Authorization for a technology layer in this climate is more than a sales permit. It is tacit acknowledgment that the underlying architecture can support strict oversight while enabling the speed and flexibility operators want. Suppliers that can demonstrate both — orchestration and accountability — are positioned to win share as operators consolidate their toolkits.

Prediction markets test the perimeter of what counts as gambling

Pennsylvania’s stance on prediction platforms adds another dimension to the compliance landscape vendors must navigate. In recent comments to federal regulators, the board warned that certain event-based contracts offered by prediction markets mirror wagers and may violate state law. The filing cited concerns about safeguarding minors and the expansion of betting beyond sports to pop culture and politics.
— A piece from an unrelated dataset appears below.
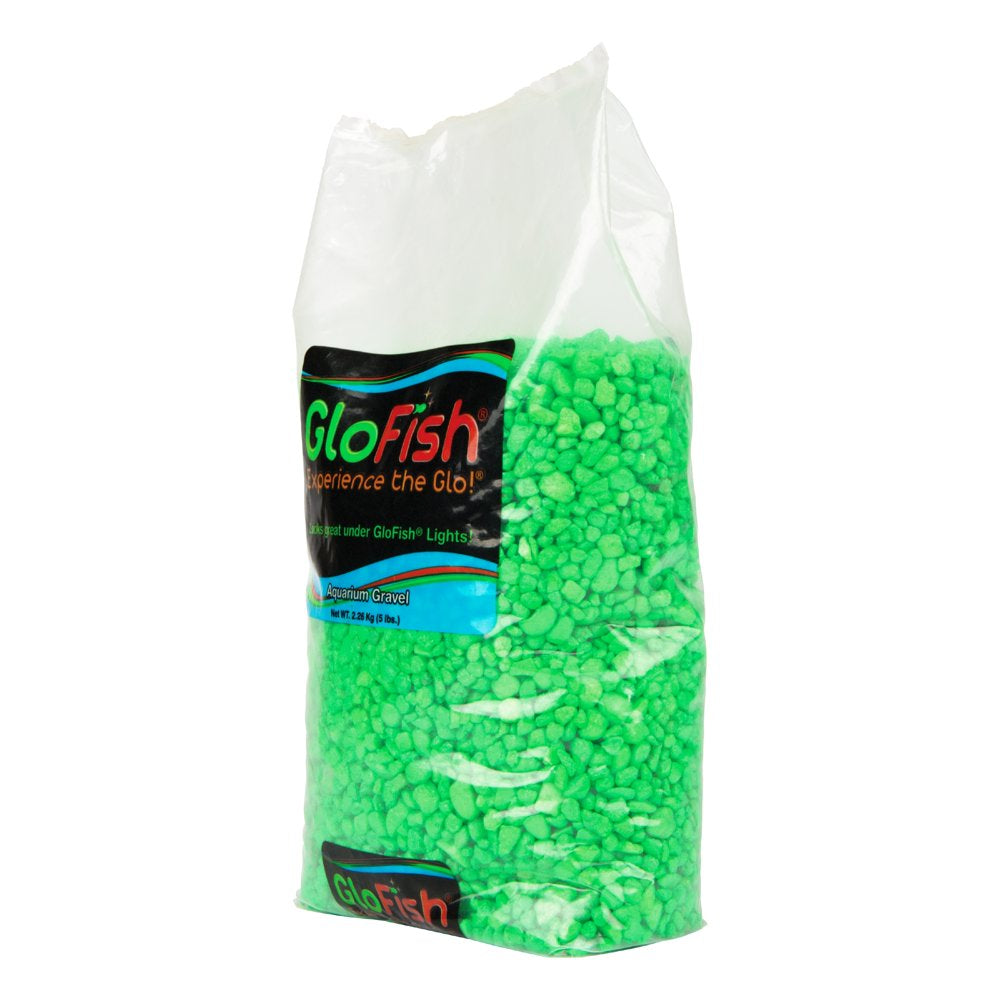 Glofish Aquarium Gravel 5 Pounds, Fluorescent Green, Complements Tanks Animals & Pet Supplies > Pet Supplies > Fish Supplies > Aquarium Gravel & Substrates Spectrum Brands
Read the regulator’s critique in the comments to the CFTC.

The dispute has intensified as multiple states pursue legal action to limit or ban prediction platforms, while federal authorities weigh jurisdictional questions. The CFTC has even taken the unusual step of suing a state in response to those crackdowns, escalating a turf fight over who gets to police real-world event contracts.

For mainstream operators and their suppliers, the episode clarifies where Pennsylvania is likely to draw boundaries. Products that blur lines between entertainment and wagering will face heightened scrutiny. That is relevant to firms building engagement layers — including jackpots or live-triggered campaigns — because mechanics must avoid straying into categories the board views as unlicensed betting. It also matters as major brands diversify. One prominent operator recently expanded into prediction markets nationwide, while simultaneously deepening its casino features inside regulated states.
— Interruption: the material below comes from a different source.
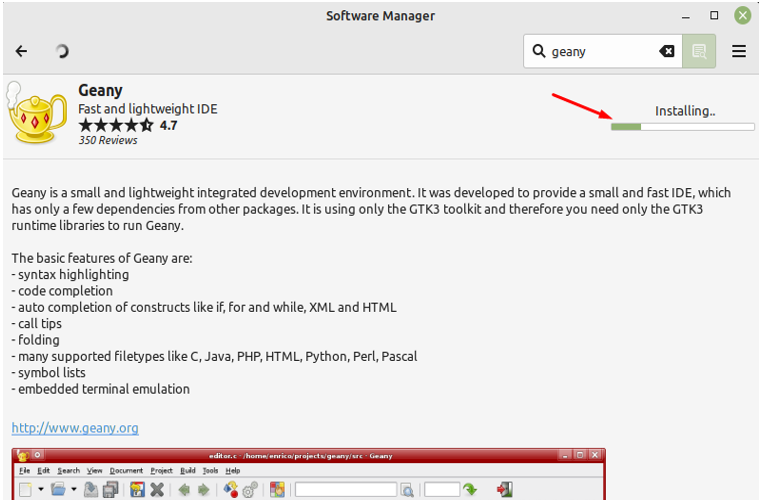 Await the completion of the installation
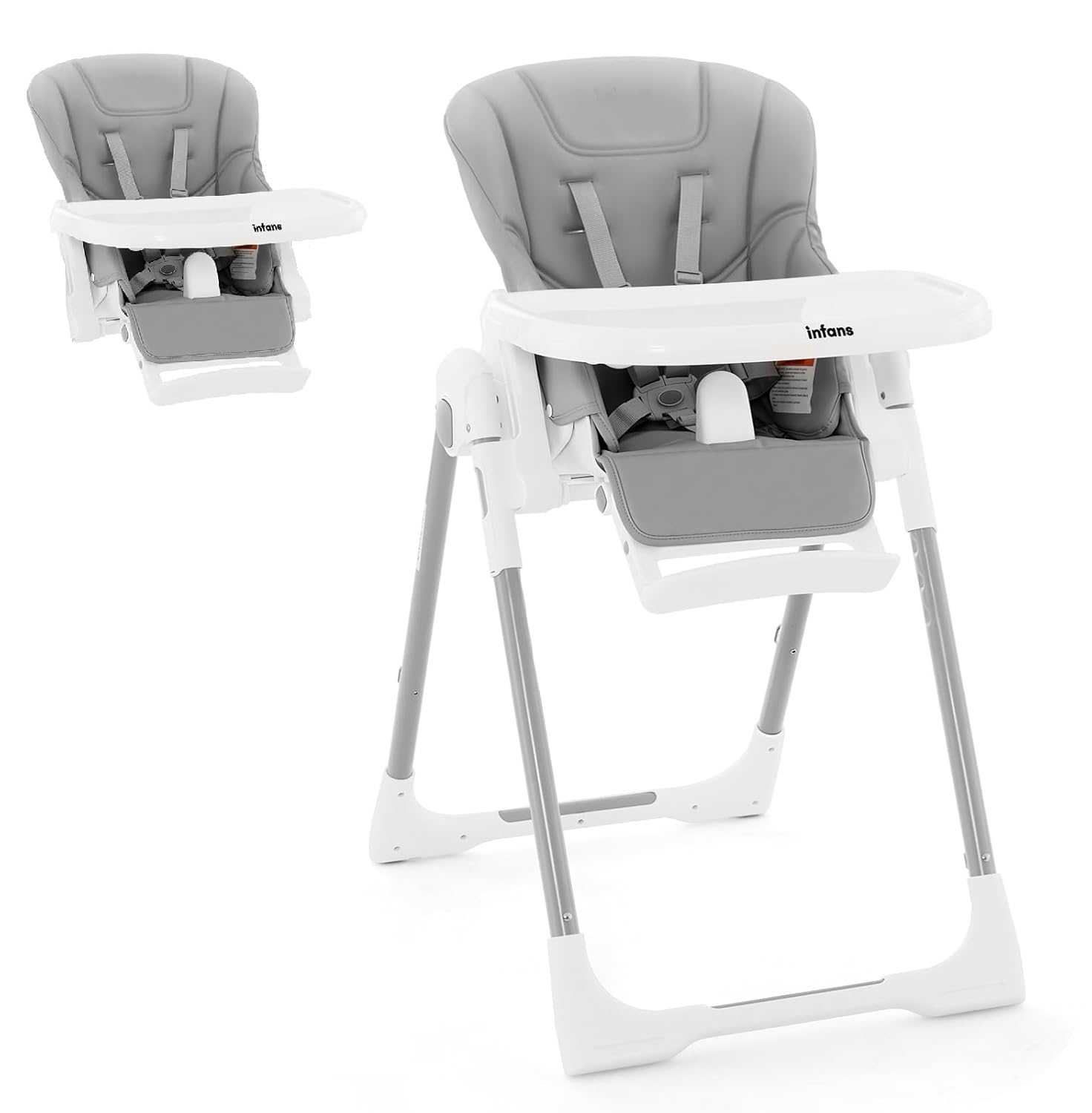 INFANS High Chair for Babies & Toddlers with Adjustable Features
Partnerships and liquidity moves raise the competitive bar

The state’s accelerating demand is drawing tighter integrations between operators and technology providers. A recent tie-up saw a leading sportsbook and casino brand embed an orchestration platform’s jackpot engine to power a new rewards-driven product across New Jersey, Pennsylvania, Michigan and West Virginia. The collaboration, described as a fast concept-to-launch effort, underscores how operators are prioritizing tools that teams can configure in minutes and tweak in response to live player behavior. Details of the rollout are in the FanCash Jackpots partnership.

At the same time, Pennsylvania is expanding the addressable audience for shared games. The state recently became the sixth to join the Multi-State Internet Gaming Agreement, opening the door to pooled online poker liquidity with neighboring markets. With an estimated 150,000 in-state online poker players, the move is set to boost prize pools and cross-jurisdiction cooperation among regulators and operators. See Pennsylvania’s MSIGA entry for the implications on tournament scale and oversight.
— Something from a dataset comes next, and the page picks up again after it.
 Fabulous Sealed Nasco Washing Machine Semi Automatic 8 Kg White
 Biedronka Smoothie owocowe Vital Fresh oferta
Together, these developments raise competitive expectations. Operators need to coordinate experiences across multiple states with different rules, while tapping into larger player pools and faster product cycles. Vendors that can synchronize data, automate compliance-sensitive features and support real-time execution become strategic levers rather than back-office utilities.

The Pennsylvania authorization fits squarely into that narrative. It gives operators another vetted option to integrate jackpots, promotions and data orchestration without waiting on custom builds, and it reflects a regulator balancing growth with sharper oversight. As igaming expands and the edges of what counts as a bet are contested, the infrastructure choices operators make — and the suppliers Pennsylvania certifies — will shape how quickly and safely the market evolves.